As higher education continues to be a major factor in economic mobility, the ability of SMU to offer more aid to students in the North Texas region based on financial need can create positive economic ripples in their communities and in the region as a whole.

“SMU’s economic impact on the Dallas economy is already $7 billion a year,” says Dale Petroskey, president and CEO of the Dallas Regional Chamber of Commerce. “This new campaign will allow SMU to add even more to improve our community, and by providing more scholarships, will give many more educational opportunities for local students who otherwise would not be able to attend SMU. It’s exciting to see SMU’s continuing commitment to invest to fuel both the human capital and the economic engine of Dallas.”

The pledge to raise $450 million for underserved students includes plans to provide academic and social support — including for those whose parents did not attend college — to ensure successful graduation and retention rates. The additional scholarship support is also expected to contribute to campus diversity.

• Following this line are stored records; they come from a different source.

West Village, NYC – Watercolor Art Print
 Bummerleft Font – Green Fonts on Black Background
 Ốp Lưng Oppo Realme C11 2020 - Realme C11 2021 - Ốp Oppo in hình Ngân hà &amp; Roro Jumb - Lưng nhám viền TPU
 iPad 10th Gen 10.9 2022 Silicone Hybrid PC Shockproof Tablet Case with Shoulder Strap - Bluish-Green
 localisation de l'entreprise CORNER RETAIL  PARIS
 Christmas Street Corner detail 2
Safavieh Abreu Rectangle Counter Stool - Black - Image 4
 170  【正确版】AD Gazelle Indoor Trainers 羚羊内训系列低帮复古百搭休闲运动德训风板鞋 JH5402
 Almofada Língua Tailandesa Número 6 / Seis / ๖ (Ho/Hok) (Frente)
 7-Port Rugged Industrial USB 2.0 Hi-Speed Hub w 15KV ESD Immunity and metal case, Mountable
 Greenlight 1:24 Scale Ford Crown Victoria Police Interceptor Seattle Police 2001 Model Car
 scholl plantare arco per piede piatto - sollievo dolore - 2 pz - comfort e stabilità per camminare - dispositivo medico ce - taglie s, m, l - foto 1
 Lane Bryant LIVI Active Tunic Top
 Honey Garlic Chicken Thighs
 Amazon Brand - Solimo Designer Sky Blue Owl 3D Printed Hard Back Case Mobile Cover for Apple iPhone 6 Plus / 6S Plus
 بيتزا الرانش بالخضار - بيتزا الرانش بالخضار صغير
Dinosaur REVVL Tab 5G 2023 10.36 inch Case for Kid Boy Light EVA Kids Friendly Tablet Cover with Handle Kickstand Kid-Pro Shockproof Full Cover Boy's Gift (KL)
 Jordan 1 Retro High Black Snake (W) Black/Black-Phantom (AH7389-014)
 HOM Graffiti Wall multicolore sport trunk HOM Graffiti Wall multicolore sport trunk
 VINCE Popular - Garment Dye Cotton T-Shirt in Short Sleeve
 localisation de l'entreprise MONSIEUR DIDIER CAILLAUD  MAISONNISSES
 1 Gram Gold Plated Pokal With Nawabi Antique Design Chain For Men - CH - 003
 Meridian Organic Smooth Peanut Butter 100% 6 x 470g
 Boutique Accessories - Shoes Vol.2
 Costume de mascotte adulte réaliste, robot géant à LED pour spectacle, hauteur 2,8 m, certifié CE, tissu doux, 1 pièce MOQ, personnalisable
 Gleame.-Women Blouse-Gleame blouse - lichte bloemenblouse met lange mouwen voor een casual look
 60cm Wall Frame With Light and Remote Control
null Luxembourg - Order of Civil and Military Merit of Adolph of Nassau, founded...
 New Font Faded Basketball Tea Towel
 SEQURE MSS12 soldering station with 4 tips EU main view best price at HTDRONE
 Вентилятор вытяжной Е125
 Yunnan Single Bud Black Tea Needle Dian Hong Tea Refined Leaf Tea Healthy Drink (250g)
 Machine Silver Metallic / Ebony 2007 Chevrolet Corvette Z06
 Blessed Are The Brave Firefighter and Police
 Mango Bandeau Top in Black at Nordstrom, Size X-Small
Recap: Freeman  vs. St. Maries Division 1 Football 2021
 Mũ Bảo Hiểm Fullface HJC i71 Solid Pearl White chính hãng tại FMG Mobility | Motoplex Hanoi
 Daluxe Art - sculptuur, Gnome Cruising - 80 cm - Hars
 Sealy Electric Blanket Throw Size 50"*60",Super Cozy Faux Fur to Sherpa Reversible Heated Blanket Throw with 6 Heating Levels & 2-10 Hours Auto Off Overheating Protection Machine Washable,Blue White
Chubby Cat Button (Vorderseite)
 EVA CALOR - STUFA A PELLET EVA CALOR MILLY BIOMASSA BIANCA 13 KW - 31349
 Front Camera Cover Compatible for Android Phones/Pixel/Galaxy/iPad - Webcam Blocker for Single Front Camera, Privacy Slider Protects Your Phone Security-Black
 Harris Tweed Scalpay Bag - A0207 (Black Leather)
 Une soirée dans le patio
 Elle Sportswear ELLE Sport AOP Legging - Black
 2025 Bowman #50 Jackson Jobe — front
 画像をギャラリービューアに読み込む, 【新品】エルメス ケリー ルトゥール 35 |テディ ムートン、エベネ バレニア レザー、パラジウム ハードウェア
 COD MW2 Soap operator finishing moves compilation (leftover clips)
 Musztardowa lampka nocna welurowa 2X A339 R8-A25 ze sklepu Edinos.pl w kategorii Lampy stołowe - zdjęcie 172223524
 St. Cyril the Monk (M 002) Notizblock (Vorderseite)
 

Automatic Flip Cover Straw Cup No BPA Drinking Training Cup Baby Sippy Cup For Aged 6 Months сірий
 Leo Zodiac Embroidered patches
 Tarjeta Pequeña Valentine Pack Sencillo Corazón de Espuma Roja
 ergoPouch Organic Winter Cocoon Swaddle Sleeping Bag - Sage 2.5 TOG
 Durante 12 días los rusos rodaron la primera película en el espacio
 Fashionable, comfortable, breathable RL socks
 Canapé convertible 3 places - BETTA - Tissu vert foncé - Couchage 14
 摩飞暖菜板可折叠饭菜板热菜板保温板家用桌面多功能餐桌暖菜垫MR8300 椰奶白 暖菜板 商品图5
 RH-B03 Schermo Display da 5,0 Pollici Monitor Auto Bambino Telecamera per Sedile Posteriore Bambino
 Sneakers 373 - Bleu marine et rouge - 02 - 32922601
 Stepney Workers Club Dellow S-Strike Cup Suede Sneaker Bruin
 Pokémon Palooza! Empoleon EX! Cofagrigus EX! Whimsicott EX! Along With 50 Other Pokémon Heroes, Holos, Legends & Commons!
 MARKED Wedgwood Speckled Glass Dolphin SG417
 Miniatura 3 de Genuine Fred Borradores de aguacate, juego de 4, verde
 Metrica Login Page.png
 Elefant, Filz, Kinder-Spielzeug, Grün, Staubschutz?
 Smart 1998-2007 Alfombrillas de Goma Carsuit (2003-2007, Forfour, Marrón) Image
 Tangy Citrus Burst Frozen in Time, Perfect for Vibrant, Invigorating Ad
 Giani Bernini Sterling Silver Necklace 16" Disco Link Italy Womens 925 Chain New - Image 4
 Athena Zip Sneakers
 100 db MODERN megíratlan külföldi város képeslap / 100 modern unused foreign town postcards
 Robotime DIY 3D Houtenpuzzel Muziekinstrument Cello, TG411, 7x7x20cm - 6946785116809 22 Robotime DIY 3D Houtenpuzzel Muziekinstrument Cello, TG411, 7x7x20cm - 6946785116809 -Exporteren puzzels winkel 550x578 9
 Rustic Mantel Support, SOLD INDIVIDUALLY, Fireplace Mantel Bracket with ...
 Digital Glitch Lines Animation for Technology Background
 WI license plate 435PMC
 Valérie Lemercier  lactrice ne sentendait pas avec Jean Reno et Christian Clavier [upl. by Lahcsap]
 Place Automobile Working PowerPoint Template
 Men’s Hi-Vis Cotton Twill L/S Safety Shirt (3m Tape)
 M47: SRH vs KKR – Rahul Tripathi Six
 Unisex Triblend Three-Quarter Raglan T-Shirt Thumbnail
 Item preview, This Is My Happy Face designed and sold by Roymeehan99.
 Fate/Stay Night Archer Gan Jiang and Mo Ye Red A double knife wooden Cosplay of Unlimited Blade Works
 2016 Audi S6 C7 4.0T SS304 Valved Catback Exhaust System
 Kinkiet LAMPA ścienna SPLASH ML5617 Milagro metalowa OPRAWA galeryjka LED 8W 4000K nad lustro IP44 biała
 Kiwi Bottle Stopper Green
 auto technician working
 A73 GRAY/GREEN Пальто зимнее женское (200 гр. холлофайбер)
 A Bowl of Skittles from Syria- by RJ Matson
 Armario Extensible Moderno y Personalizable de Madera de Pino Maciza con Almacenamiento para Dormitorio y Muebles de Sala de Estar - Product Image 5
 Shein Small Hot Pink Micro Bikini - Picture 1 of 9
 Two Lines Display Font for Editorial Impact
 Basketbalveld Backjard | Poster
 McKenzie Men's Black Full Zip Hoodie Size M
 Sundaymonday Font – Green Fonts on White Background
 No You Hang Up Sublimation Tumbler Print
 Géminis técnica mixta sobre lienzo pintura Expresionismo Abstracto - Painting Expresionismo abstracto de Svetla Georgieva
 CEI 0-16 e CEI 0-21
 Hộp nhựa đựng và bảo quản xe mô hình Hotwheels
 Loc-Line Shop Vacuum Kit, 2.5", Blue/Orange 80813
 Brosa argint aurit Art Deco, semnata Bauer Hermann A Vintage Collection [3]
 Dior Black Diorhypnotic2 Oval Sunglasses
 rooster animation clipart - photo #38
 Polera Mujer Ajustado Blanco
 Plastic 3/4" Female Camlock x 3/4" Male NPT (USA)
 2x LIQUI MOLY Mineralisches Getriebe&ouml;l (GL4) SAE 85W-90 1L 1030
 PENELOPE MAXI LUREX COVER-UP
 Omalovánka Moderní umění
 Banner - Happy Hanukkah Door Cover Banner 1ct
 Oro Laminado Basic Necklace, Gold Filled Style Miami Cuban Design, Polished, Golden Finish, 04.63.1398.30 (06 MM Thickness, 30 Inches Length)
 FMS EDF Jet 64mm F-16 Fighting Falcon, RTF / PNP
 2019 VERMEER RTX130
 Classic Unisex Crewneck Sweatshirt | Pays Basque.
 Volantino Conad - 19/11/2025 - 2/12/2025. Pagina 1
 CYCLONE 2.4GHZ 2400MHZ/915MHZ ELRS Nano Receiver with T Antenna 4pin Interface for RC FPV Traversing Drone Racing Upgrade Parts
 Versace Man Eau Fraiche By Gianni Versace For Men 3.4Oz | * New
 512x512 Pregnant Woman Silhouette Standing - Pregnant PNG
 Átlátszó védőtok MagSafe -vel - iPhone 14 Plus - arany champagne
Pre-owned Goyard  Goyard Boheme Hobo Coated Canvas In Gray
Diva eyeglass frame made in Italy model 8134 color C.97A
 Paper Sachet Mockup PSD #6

While SMU has long been an exemplary teaching institution, the University’s growing research portfolio is drawing international recognition and creates new opportunities for partnerships in and around Dallas. Building the University’s capability to hire star-quality research faculty and provide them with the resources they require, including post-doctoral staff, is a major component of this new campaign. The gift creating the Moody School of Graduate and Advanced Studies in November 2019 was a signature investment in both graduate education and research.

“Research is essential to SMU’s ability to make an impact through technology,” says Rich Templeton, chairman, president and CEO of Texas Instruments and an SMU trustee. “Building a strong future for our community requires comprehensive education and robust research opportunities. Providing greater access for students and better support for PhD research makes an impact that goes far beyond the SMU campus.”

SMU has a 10-year plan to achieve inclusion in the most prestigious research category available to American universities — the Carnegie Commission on Higher Education’s R1 classification, which is awarded to those universities with the highest levels of research. The framework created by the Carnegie Commission measures research activity by a variety of factors, including research expenditures, number of research doctorates awarded and number of research-focused faculty members. The classification is based entirely on publicly available data and not on qualitative peer or expert assessments. SMU currently holds the Carnegie Commission’s R2 status for high research activity, having advanced past 55 other universities since 2005 on the road to R1 status.